ConfigShort RTFMedium RTFLong RTF
GPU decode (fp16)3.232.221.98
CPU decode (fp32)3.002.592.51

CPU decode is marginally faster for short text (3.8s vs 4.8s) but significantly slower for medium and long (17.5s vs 12.3s, 48.8s vs 30.4s). Unlike Echo-TTS’s S1-DAC autoencoder, which crashes on GPU entirely, DramaBox’s vocoder runs fine on the Radeon 8060S in fp16. The GPU’s parallelism wins on the larger sequences.

#Where DramaBox Fits

With the optimizations applied, here’s the updated comparison across all TTS models I’ve benchmarked on this machine:

ModelConfigRTFNotes
Echo-TTSCPU optimized, 10 steps, long0.38Fastest overall
Echo-TTSGPU hybrid fp16, 10 steps, long0.52ROCm container
OmniVoice8 steps, voice design, CPU0.56Simplest setup
VoxCPM.cppVoxCPM1.5 Q8_0, CPU1.23GGUF quantized
OmniVoice8 steps, voice clone, CPU1.52With reference audio
DramaBox10 steps + compile, long1.75Most expressive
DramaBox30 steps baseline, long4.0Default config

DramaBox is still the slowest, but RTF 1.75 puts it much closer to practical territory than the initial 4.0. It’s doing fundamentally more than the others, a 3.3B parameter model with explicit emotional control through prompting (laughs, sighs, pauses, tone shifts), things none of the other models support. On NVIDIA hardware (H100), Resemble claims ~2.5 seconds per generation, which would put it solidly under real-time.

The optimization stack is additive: reduced steps gives ~2x, torch.compile adds another ~1.2x on top. Together they turn a 141-second generation into a 62-second one for 35 seconds of audio.

#Practical Notes

A few things worth flagging if you try this yourself:

bitsandbytes versioning is a mess. The preview wheel filename says 1.33.7.preview but the installed package reports version 0.50.0.dev0. uv will complain about the mismatch unless you set UV_SKIP_WHEEL_FILENAME_CHECK=1. This is the same across the bitsandbytes continuous-release builds.

The kernels package conflicts with huggingface_hub<1.0. DramaBox pins huggingface_hub below 1.0, but the kernels package (which bitsandbytes tries to use for optimized CPU 4-bit forward) requires newer huggingface_hub internals. Don’t install it, bitsandbytes works fine without it.

fp16 works, bf16 untested on the full model. Basic bf16 matmul passes on the TheRock nightlies, which is an improvement over older ROCm versions where bf16 caused hard GPU hangs.

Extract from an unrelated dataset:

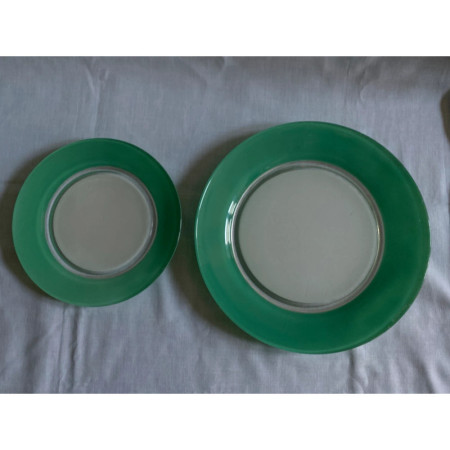 Lot de 8 assiettes (4 + 4) vertes - Duralex 1950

But I didn’t test full DramaBox inference in bf16. Given Echo-TTS’s experience with bf16 on gfx1151, fp16 is the safe choice.

Model downloads total ~16.5 GB. The auto-downloader in src/model_downloader.py handles everything, but budget for the disk space.

torch.compile warmup overlaps with MIOpen warmup. The first generation is already slow due to MIOpen kernel discovery. torch.compile’s graph compilation happens during that same warmup pass, so it doesn’t add a separate penalty. After warmup, every run benefits from the compiled graph.